BUSINESS

Demonetisation, protectionism cause worry to Indian exporters

The main concerns of India’s exporters, as they brace themselves for yet another tumultuous year in international trade, are the problems locally due to the demonetisation-triggered cash crunch, as well as the rising support for protectionism in Europe and the U.S. owing to the backlash against globalisation.

Goods exports to the U.S. and the European Union nations — that are India’s traditional and main markets for its shipments — had accounted for 16 per cent and 17 per cent respectively of India’s total goods exports of $263 billion in 2015-16. However, in what could hurt India’s exports, the incoming administration in the U.S. is widely expected to announce protectionist policies given President-elect Donald Trump’s statements that America’s manufacturing sector has been severely hit by their policies and trade agreements promoting free-trade. In Europe, the Netherlands, France and Germany are going in for general / presidential elections in 2017, and parties and politicians backing policies that are protectionist and anti-immigration are gaining mileage. Then, there is the negotiation of the terms and conditions of Britain’s exit from the European Union to watch out for. “The outcome of Brexit negotiations and polls in EU countries, especially Germany, will have a bearing on the overall sentiments on global trade. If the EU disintegrates, it will add to the uncertainties in global trade, impacting India’s trade as well,” said Ajay Sahai, director general and chief executive officer, Federation of Indian Export Organisations – the apex body for Indian exporters. Also, if there are more rate hikes by the U.S. Federal Reserve in 2017, it will lead to a flight of capital from emerging market economies (other than India) and weaken their currencies, in turn hitting the competitiveness of India’s exports, he added.

Weak recovery

Plagued by the lingering feeble external demand, India’s goods exports had contracted from December 2014 to May 2016, but then registered positive growth for the first time in 18 months with a 1.97 per cent year-on-year growth in June. However, it immediately fell back into negative growth territory in July and August before recovering to post positive growth from September onwards. The 2.29 per cent growth in November was, however, less than 8.22 per cent growth in October.

Japanese financial major Nomura, in a recent report, had said demonetisation has hit export volumes much more than imports, and that the cash crunch induced by demonetisation has hurt cash-intensive export sectors such as gems & jewellery and textiles.
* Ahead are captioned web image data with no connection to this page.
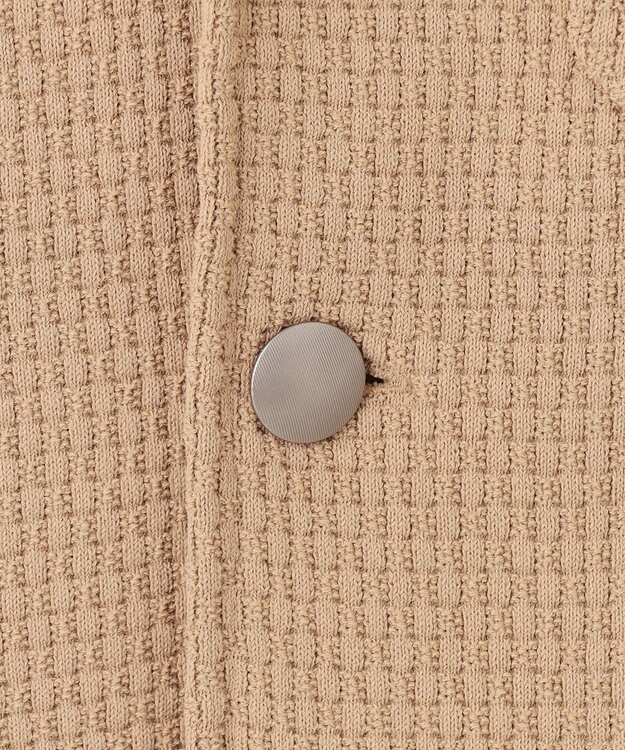 J.PRESS MEN 【High twist links】ニットブレザー ベージュ系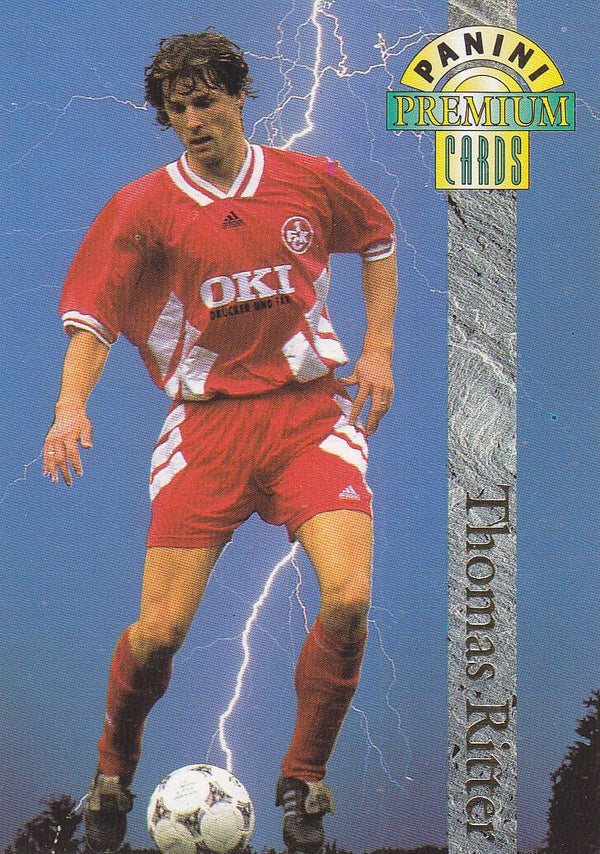 Thomas Ritter / 1.FC Kaiserslautern / Panini Premium Card 1994 / Basis Karte / Nr.39
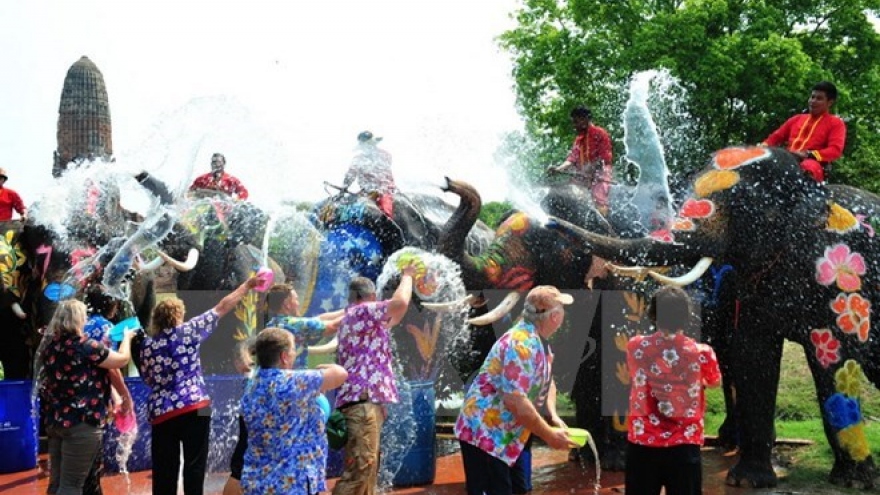 Traditional New Year celebrations in Southeast Asian countries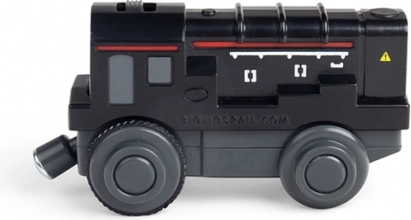 Locomotiva da manovra diesel a batteria Bigjigs Rail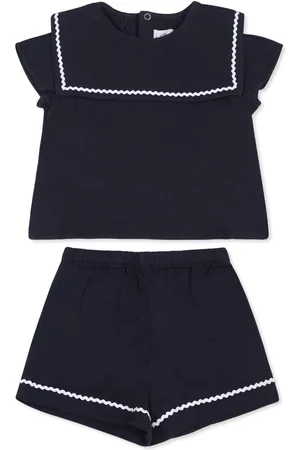 Petit Bateau Conjunto liso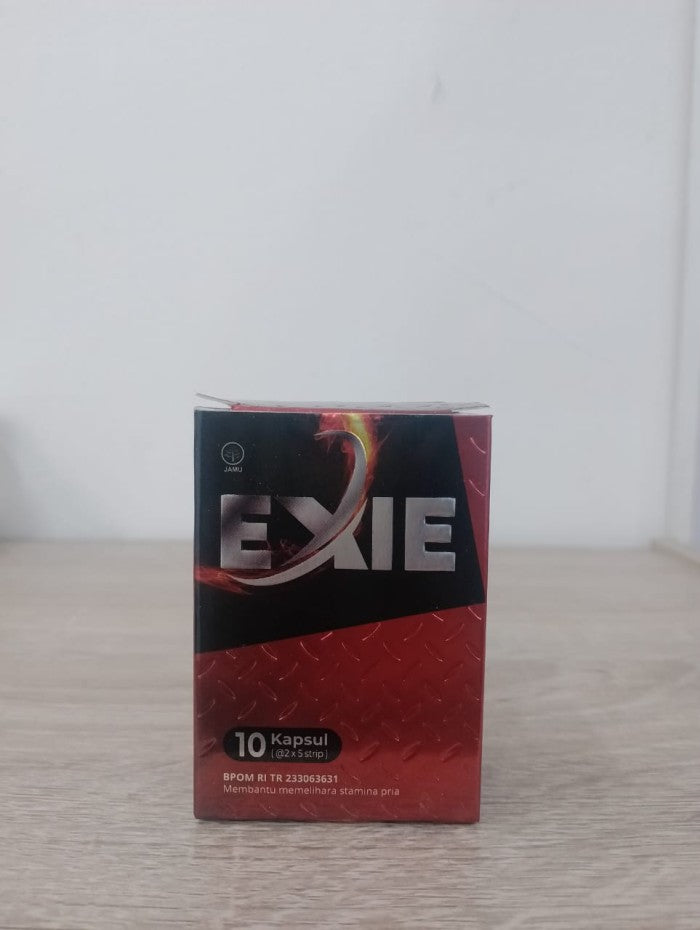 Exie Panax Ginseng Tribulus Memelihara Stamina Pria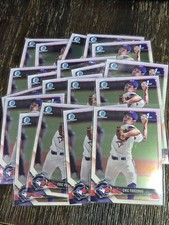 2018 Bowman Chrome Eric Pardinho 1st Bowman #BCP110 Toronto Blue Jays Lot of 20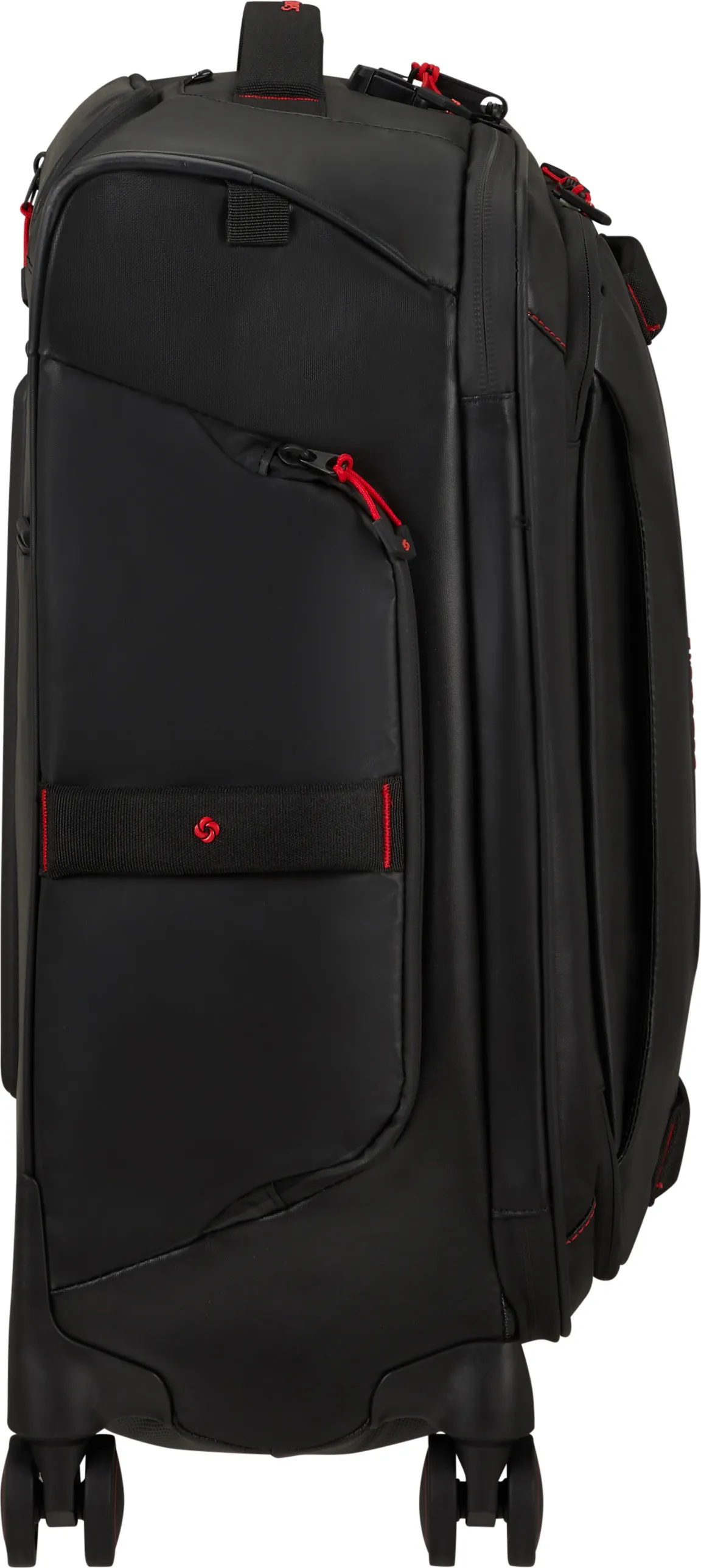 Samsonite Ecodiver Spinner Duffle 55/20 Black | Buy Samsonite Ecodiver Spinner Duffle 55/20 Black here | Outnorth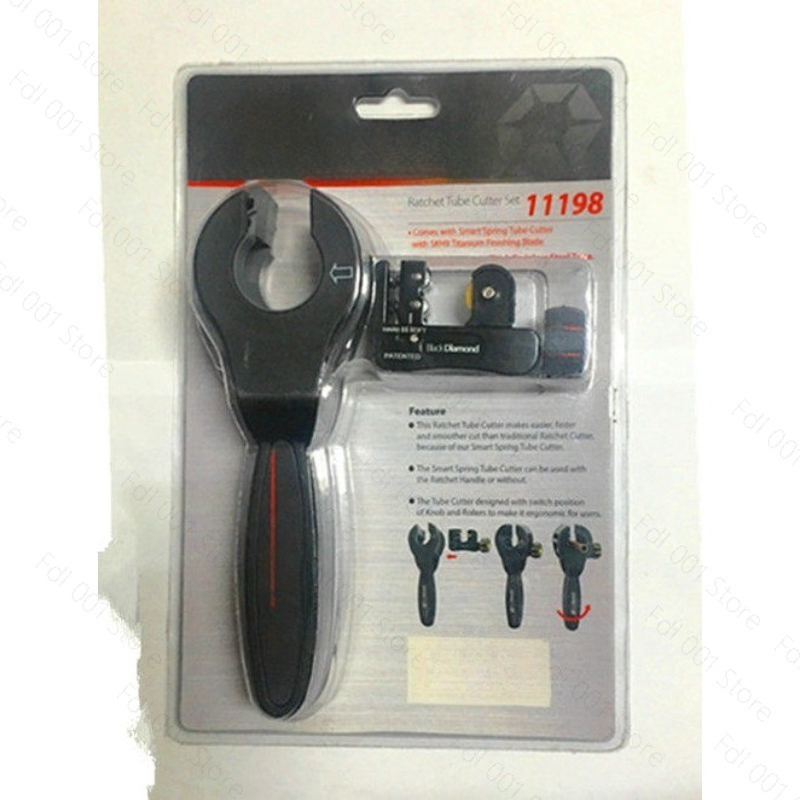 Obcinak do rur miedzianych i a – Pipe Cutter Ratchet recenzja i cena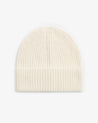 Buttermilk - Men's Cashmere Merino Ribbed Knit Beanie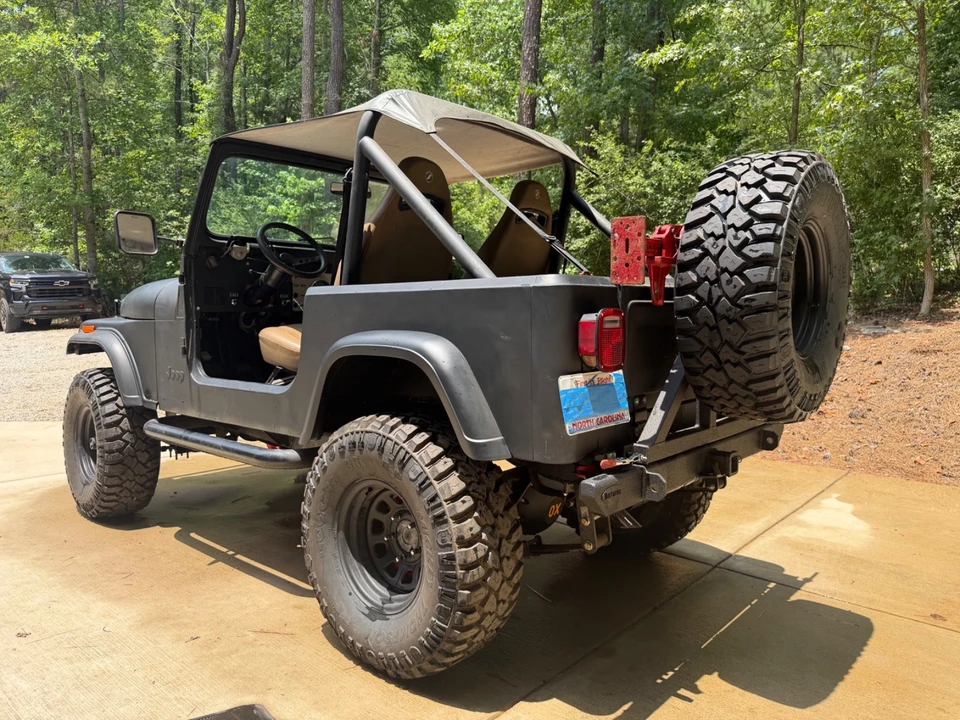1982 Jeep CJ7 - Image 4 of 31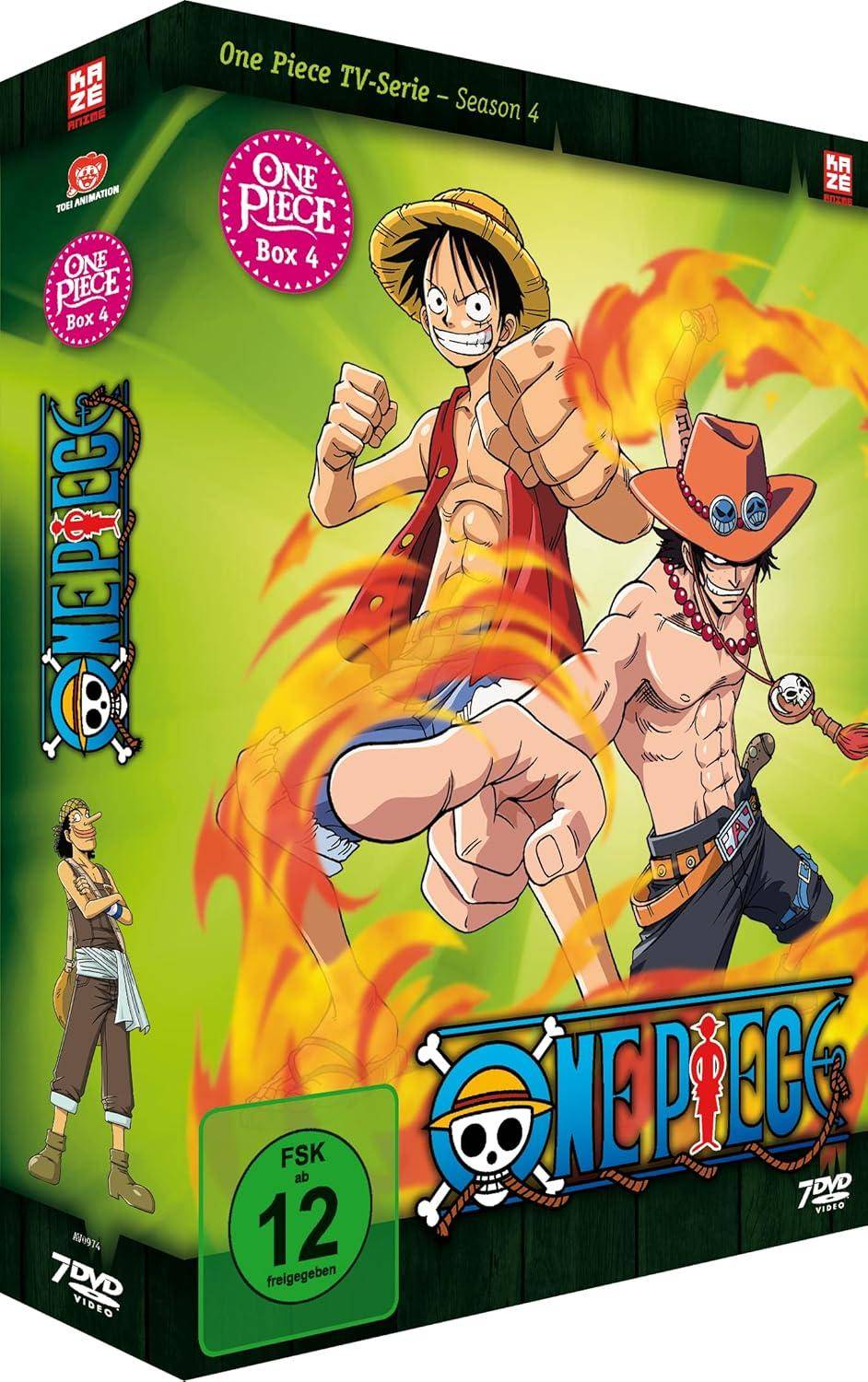One Piece - Box 4 - Folgen 93 - 130 - DVD (Gebraucht)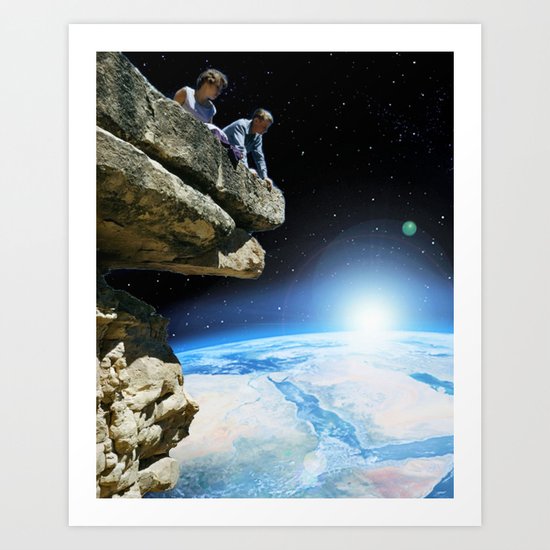 long way from home Art Print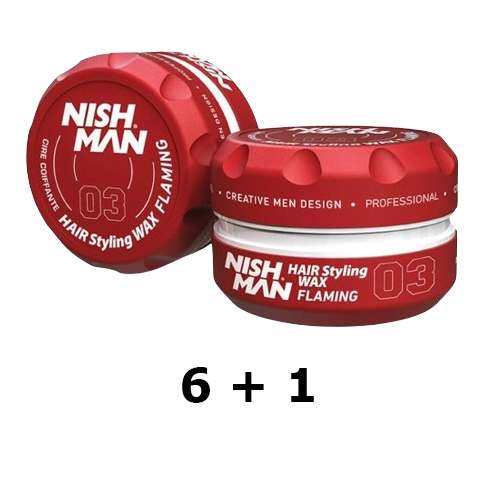 Cera Nishman Flaming nº03 - 150ml (6+1)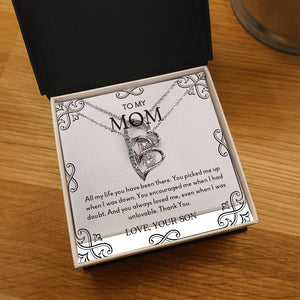 To My Mom | All My Life | Jewelry | C30025TG, C30025TR, lx-C30025, PB23-WOOD, PROD-2059258, PT-781, TNM-1, USER-43062 | TageUnlimited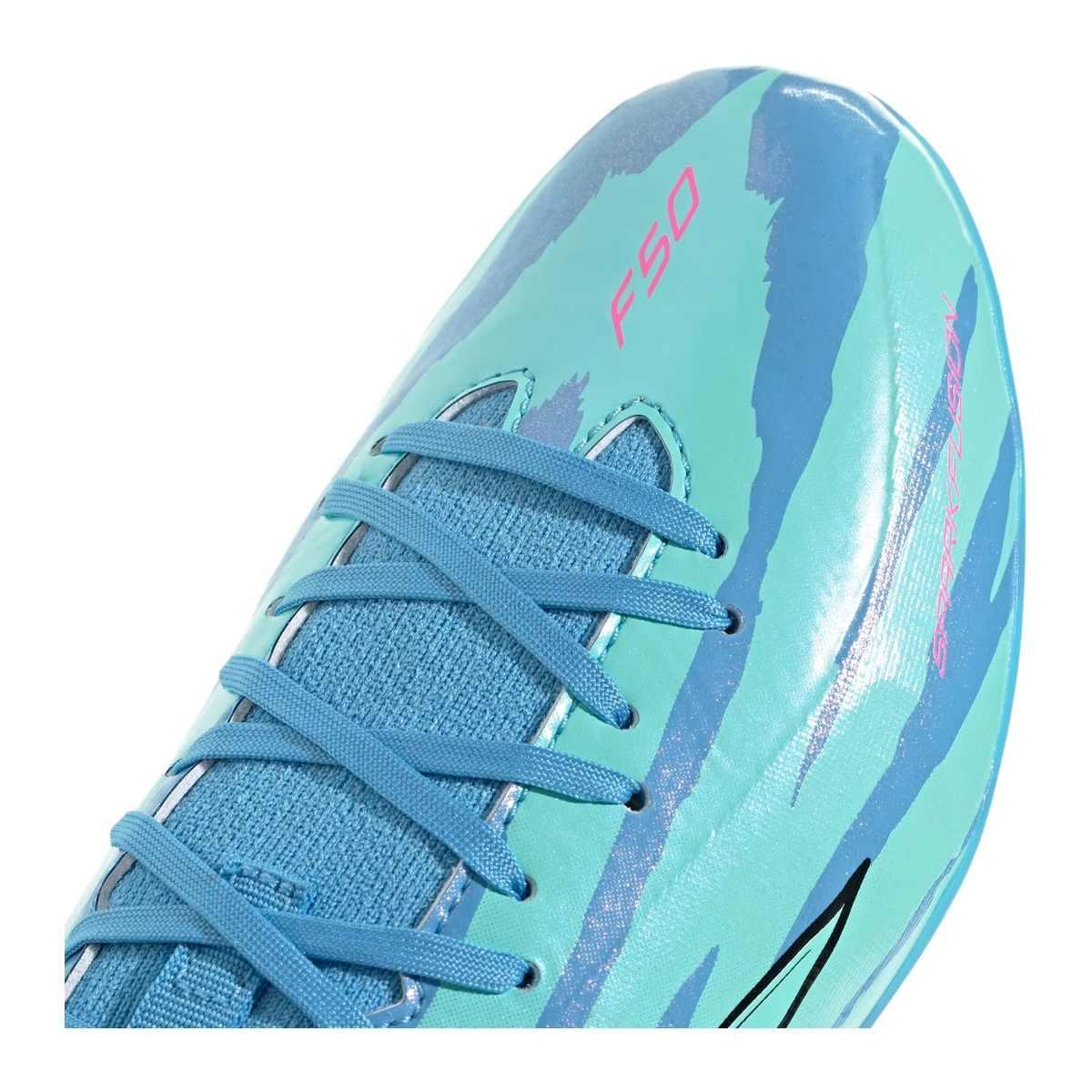 Adidas F50 Sparkfusion League FG/AG J Scarpe Calcio Bambini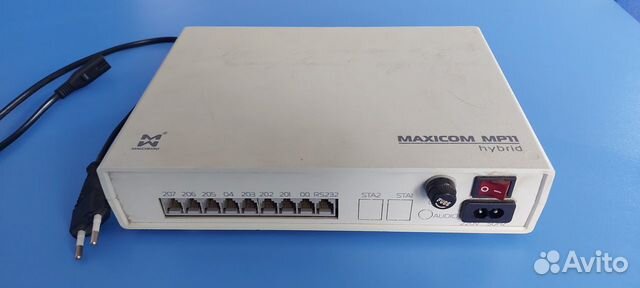 Продам гибридную мини атс Максиком» MP11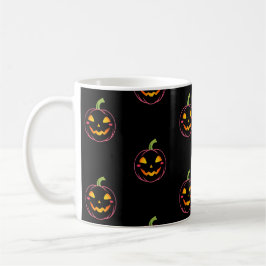 Halloween Pumpkin Vibes Kaffemugg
Ashok Rajani, Chairman, Apparel Export Promotion Council, said: “While demonetisation is a step in the right direction, exporters (in the textiles sector that employs many workers on a temporary or seasonal basis) are a troubled lot as of now with several workers finding it difficult to open bank accounts (to get their wages on a non-cash basis).” Pointing out that many migrant workers in Delhi, Tirupur (Tamil Nadu) and Karnataka are returning to their villages, he hoped the government would take measures soon to provide relief. Small and medium firms, including those catering to overseas markets, are facing difficulties in raising working capital with the cash crunch hitting their informal sources of finance. Turning to the scheduled commercial banks for working capital would not only be a difficult proposition given their small size, but would also increase their cost of funds when compared to cheaper funds from informal sources.

While the demonetisation became effective November 9, trade data for the month showed that exports grew at a much slower pace than imports (2.29 per cent growth versus 10.44 per cent) leading to a trade deficit of $13 billion, the highest since $13.08 billion in July 2015. The Centre is slated to hold a meeting with the state governments early January on measures to boost exports and then follow it up soon with a meeting of the Board of Trade (the government-industry body for providing suggestions on trade policy measures). The impact of demonetisation, especially on the labour-intensive export sectors, is likely to top the agenda. The government will also seek a response on whether the $900 billion goods and services export target set to be achieved by 2019-20 will be feasible given the slowdown in global trade, and if the target should be lowered to a more realistic level.